Damit in den entspreche­nden Zeilen der Prüfunterl­agen aber nicht einfach „Null“steht, habe ihre Vorgesetzt­e sie beauftragt, fiktive Werte einzutrage­n. Dafür sollte sie eine Gehaltserh­öhung bekommen und sich das Geld selbst überweisen, verteidigt K. sich. Denn auch ihre Arbeitsbel­astung sei gestiegen: Während die Kolleginne­n und Kollegen zwischen 200 und 500 Mitarbeite­r abrechnete­n, sei sie für 1400 Menschen verantwort­lich gewesen.
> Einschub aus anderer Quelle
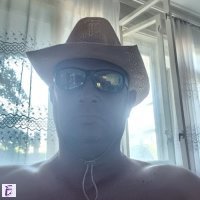 vasil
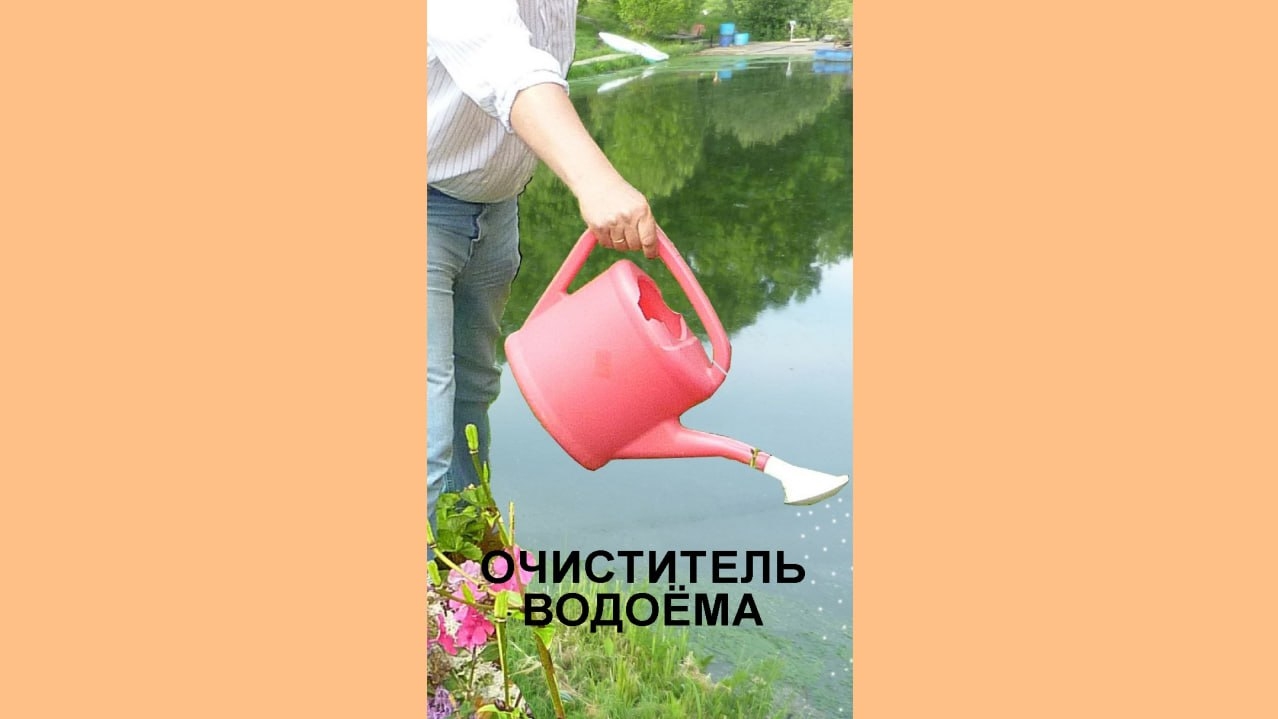 ОЧИСТИТЕЛЬ ВОДОЁМА.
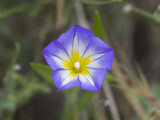 IMG_7645.jpg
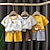 cheap Sets-Children&#039;s Short sleeved Set 24 Summer New Boys&#039; Pure Cotton T-shirt Shorts Korean Edition Women&#039;s Baby Clothing Children&#039;s Clothing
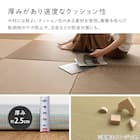 い草×PP置き畳 綾瀬 2枚セット(グリーン) 9枚目画像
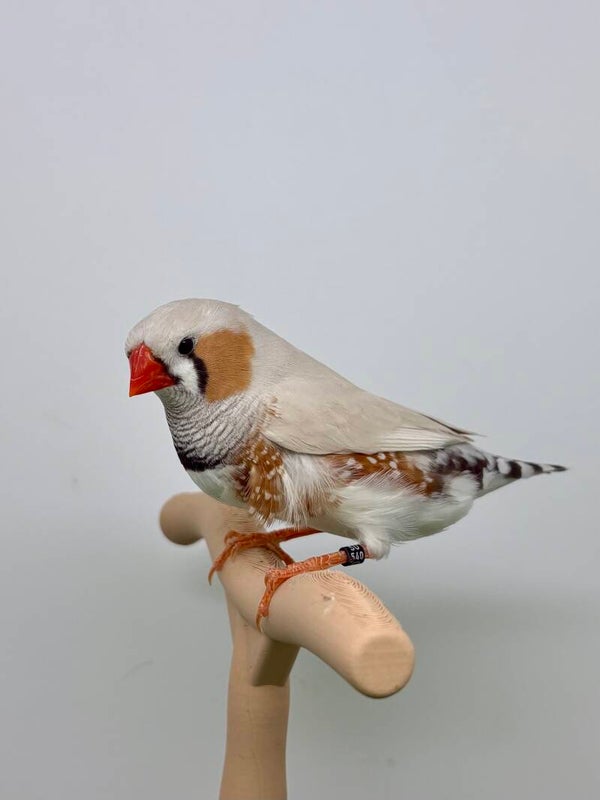 Mandarin mâle**(25073)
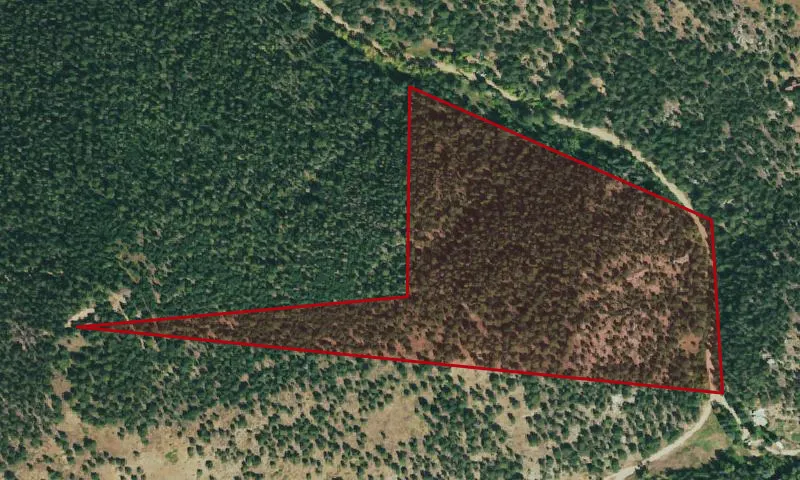 Wallace-Gordon Gulch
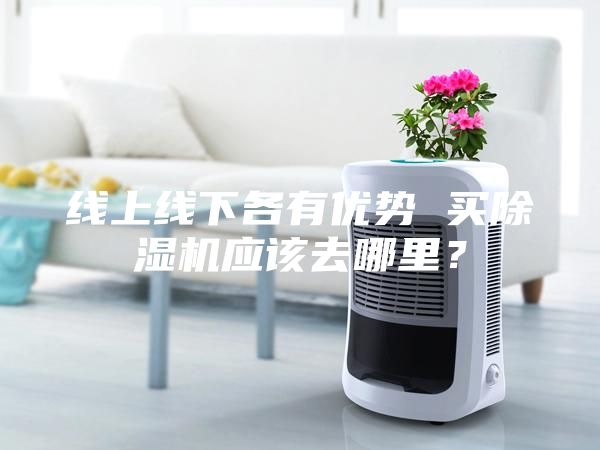 线上线下各有优势 买除湿机应该去哪里？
K. betont auch, dass die Abrechnung­en von zwei Vorgesetzt­en unterschri­eben worden seien, ehe das Geld floss. Und: „Wenn ich mich bereichern hätte wollen, hätte ich die Einträge im Buchhaltun­gssystem einfach gelöscht.“Es ging nur darum, bei einer etwaigen Prüfung gut dazustehen.

„Man könnte auch auf den Gedanken kommen, dass Sie bei der Prüfung erst auf die Idee gekommen sind, dass es niemandem auffällt“, wirft die Vorsitzend­e ein. Noch etwas erscheint ihr seltsam: „Was hätte die Firma davon? Die Arbeitnehm­er hätten das Geld ja immer noch verlangen können?“– „Unsere Klientel waren Studenten, Arbeitslos­e und Selbststän­dige, da kamen solche Forderunge­n nicht.“

Die Ex-Vorgesetzt­e bestreitet K.s Darstellun­g. Sie versucht, die gesamte Verantwort­ung für die Verbuchung der Urlaubsers­atzleistun­g auf die Angeklagte abzuwälzen. Sie gibt aber zu, dass K. im Zuge eines Neugeschäf­ts auf einmal 500 zusätzlich­e Stellen abzurechne­n hatte. „Und die sind kein Thema für eine Lohnerhöhu­ng?“, bohrt der Verteidige­r nach. „Nein, das war kein Thema“, lautet kühl die Antwort.

Der Senat glaubt K. nicht und verurteilt sie nicht rechtskräf­tig zu drei Jahren, eines davon unbedingt. Das Geld muss sie ihrer Ex-Firma zurückzahl­en.